Île à très forte concentration touristique
elle reste néanmoins très attachée encore
aujourd’hui à son mode de vie et à sa
culture ancestrales. L'agriculture souffre de gros problèmes
car l'île pâtit du manque d'irrigation, raison
pour laquelle elle amène du continent l'eau douce par
des canalisations sous-marines. Florissant est au contraire
son artisanat textile qui consiste essentiellement dans le
tissage de couvertures en laine, dans les poteries d'argile
rouge en provenance du village de Guellala, de ses bijoux
en or et en argent
Djerba est une île aux origines mythiques: Ulysse,
venant de Troie y aurait débarqué et décrit
les habitants comme des mangeurs de lotus, fruit au goût
de miel dont l'effet serait l'oubli de tout, y compris de
sa patrie et de sa famille. C'est pourquoi Djerba se vante
d'être le pays des Lotophages.
Cette
légende, rapportée par Homère dans l’Odyssée,
décrit déjà l'enchantement que procurait
Djerba dès l'Antiquité.
En 587 av. J C., les juifs chassés de Jérusalem
par Nabuchodonosor s'y installèrent.
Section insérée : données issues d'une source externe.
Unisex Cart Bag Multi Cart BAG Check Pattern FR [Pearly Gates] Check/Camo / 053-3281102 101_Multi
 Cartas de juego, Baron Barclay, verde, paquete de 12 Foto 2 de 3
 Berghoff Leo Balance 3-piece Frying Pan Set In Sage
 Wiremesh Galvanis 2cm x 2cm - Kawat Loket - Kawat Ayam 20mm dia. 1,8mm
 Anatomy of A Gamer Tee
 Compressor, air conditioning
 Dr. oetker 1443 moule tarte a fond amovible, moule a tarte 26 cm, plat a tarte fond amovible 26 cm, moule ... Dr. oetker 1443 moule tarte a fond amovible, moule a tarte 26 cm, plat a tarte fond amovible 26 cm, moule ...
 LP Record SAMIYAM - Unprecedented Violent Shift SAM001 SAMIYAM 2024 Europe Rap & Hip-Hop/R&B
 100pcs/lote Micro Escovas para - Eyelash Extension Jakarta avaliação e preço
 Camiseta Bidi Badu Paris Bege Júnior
Leurs descendants
constituent encore de nos jours une communauté importante,
preuve de la tolérance des Djerbiens et d'une intégration
réussie en terre d'islam.
Les Juifs y ont un lieu de culte célèbre, la
Ghriba, où s'effectue chaque année un pèlerinage
le trente troisième jour de la Pâque juive. Djerba
phénicienne puis romaine, s'appelait antiquement Méninx
et était réputée pour sa fabrication
de la pourpre.
Comme
toute la côte orientale de la Tunisie elle fut par la
suite vandale, byzantine et après des luttes acharnées
entre Normands et Arabes, elle fut islamisée.
De nos jours, la population d'origine berbère représente
les seuls musulmans en Tunisie d'observance Kharijite qui
s'exprime architecturalement à travers une recherche
de formes austères, essentielles et élégantes.
Les maisons ou "Menzels", toutes blanches, réfléchissent,
grâce à ses voûtes, les rayons du soleil
tout en assurant à l'intérieur une grande fraîcheur.
Les mosquées que l'on trouve dispersées à
l'intérieur de l'île sont aussi de toute beauté
par leur simplicité dans leur structure essentielle.